= Fairbanks Morse Defense =

American engine manufacturer

Fairbanks Morse Defense, a subsidiary of Arcline Investment Management, is an American manufacturer of engines and other products. Established in 2020, it is one of three separate corporate entities that can trace its roots to Fairbanks-Morse, an American manufacturing company that operated independently from 1823 to 1958. The company's structure includes Fairbanks Morse Services, Fairbanks Morse Technology, and FMD's Strategic Collaborators.

The company has supplied marine technologies, engines, details, and more to the U.S. Navy, U.S. Coast Guard, Military Sealift Command, and Canadian Coast Guard. As of 2024, Fairbanks Morse Defense products power more than 80% of the United States Navy ships with medium-speed engines.

== History ==

The company derives from Thaddeus Fairbanks' 1823 founding of an ironworks in St. Johnsbury, Vermont. The company grew and operated independently until it was acquired by Penn-Texas Corporation in 1958. The conglomerate first renamed itself Fairbanks Whitney Corporation, then Colt Industries in 1964, taking the name from Colt Manufacturing, the maker of firearms and another asset of Penn-Texas.
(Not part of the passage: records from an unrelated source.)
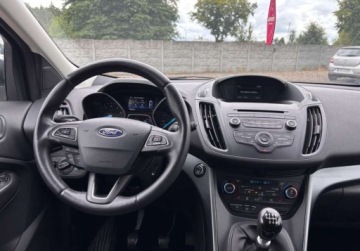 Ford Kuga II SUV Facelifting 1.5 EcoBoost 150KM 2018 Ford Kuga 1.5B 150KM przeb.108tys stan perfrkcyjny zarejestrowany bezwypad, zdjęcie 5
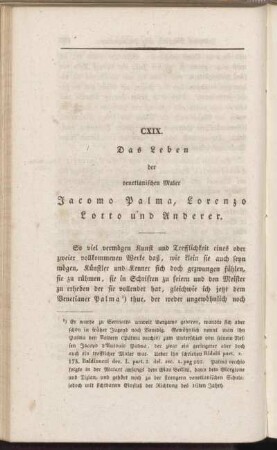 CXIX. Das Leben der venetianischen Maler Jacomo Palma, Lorenzo Lotto und Anderer.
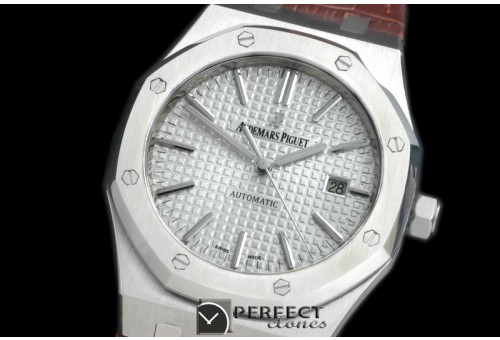 AP15400-201L Royal Oak 1540SS/LE White Jap M 9015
In 1990, Colt Industries sold its firearms business (to C.F. Holdings Corp as Colt's Manufacturing Company, Inc.) and became Coltec Industries. In 2002, Fairbanks Morse was spun off in a grouping named EnPro Industries, which on January 21, 2020, sold Fairbanks Morse to Arcline Investment Management.
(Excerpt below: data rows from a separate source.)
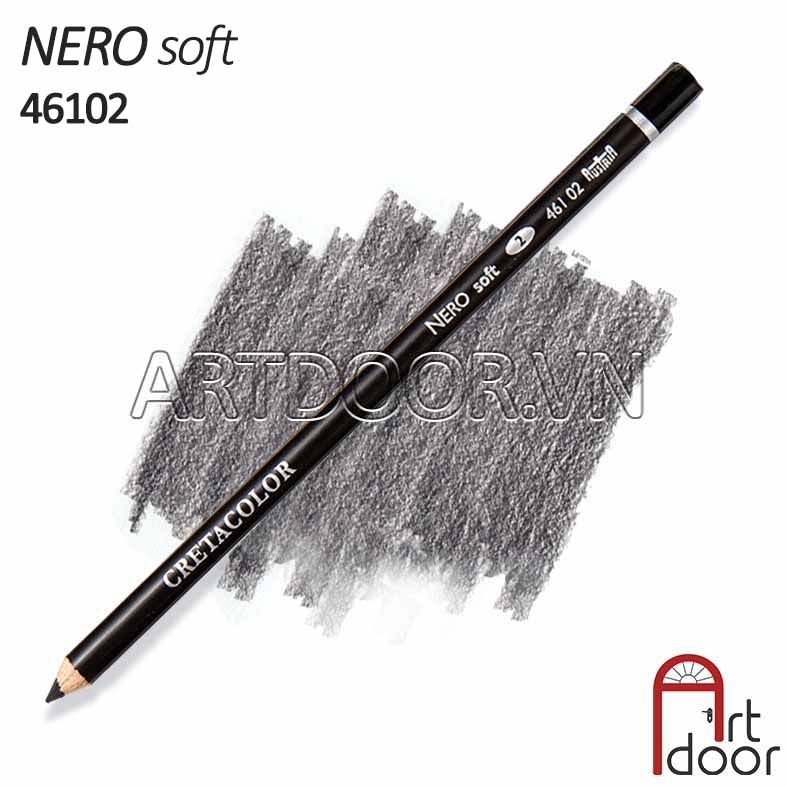 Bút chì than Đen Mịn CRETACOLOR Nero (cây lẻ)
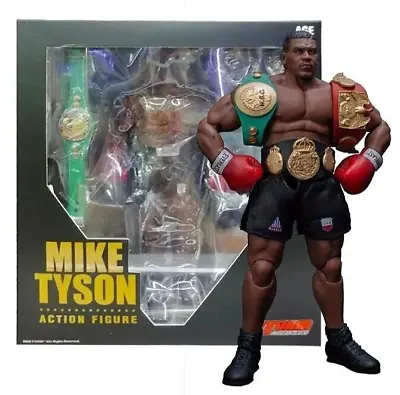 18cm Boxing Champion Mike Tyson Action Figure Belts PVC Collectable Doll Sports • $37.99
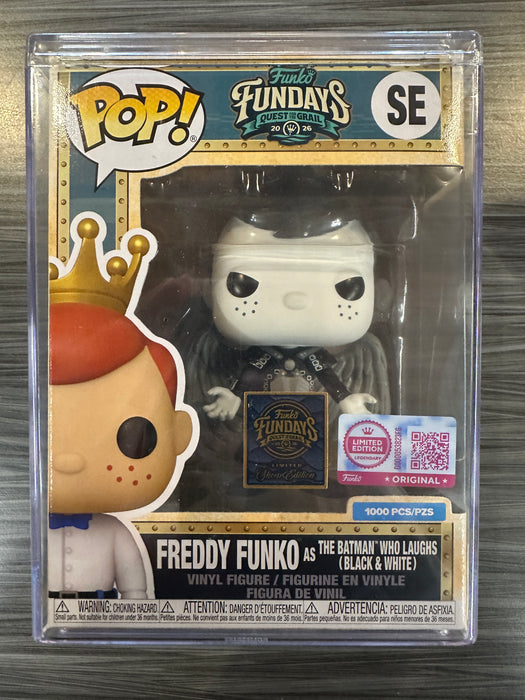 Funko POP! 2026 Fundays Quest For The Grail: Freddy Funko as The Batman Who Laughs [Black & White] (Funko Legendary/Show Edition)(1000 PCS) #SE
Arcline named its new subsidiary Fairbanks Morse Defense, signaling its intention to pursue defense-sector sales.

In 2021, the company acquired Ward Leonard, Welin Lambie,  and Hunt Valve, thus creating the Fairbanks Morse Defense family of brands. The expansion continued in 2022 with the addition of Federal Equipment Company, Maxim Watermakers, and Research Tool and Die (RT&D).

In October, Fairbanks Morse Defense acquired American Fan, and in 2024, the company purchased Massachusetts-based metalworking supplier Samtan Engineering Corporation.

In July 2025, the company acquired the Rolls-Royce Naval Propulsory business, including its Massachusetts and Ontario factories.